» **Stored data**:

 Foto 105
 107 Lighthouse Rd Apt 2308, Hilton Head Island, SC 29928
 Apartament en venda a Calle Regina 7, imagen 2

» **Try it**: A faithful copy is required of the lines from the one with "107 Lighthouse Rd" through the last line of the data; please add nothing.

» **Solution**:
 107 Lighthouse Rd Apt 2308, Hilton Head Island, SC 29928
 Apartament en venda a Calle Regina 7, imagen 2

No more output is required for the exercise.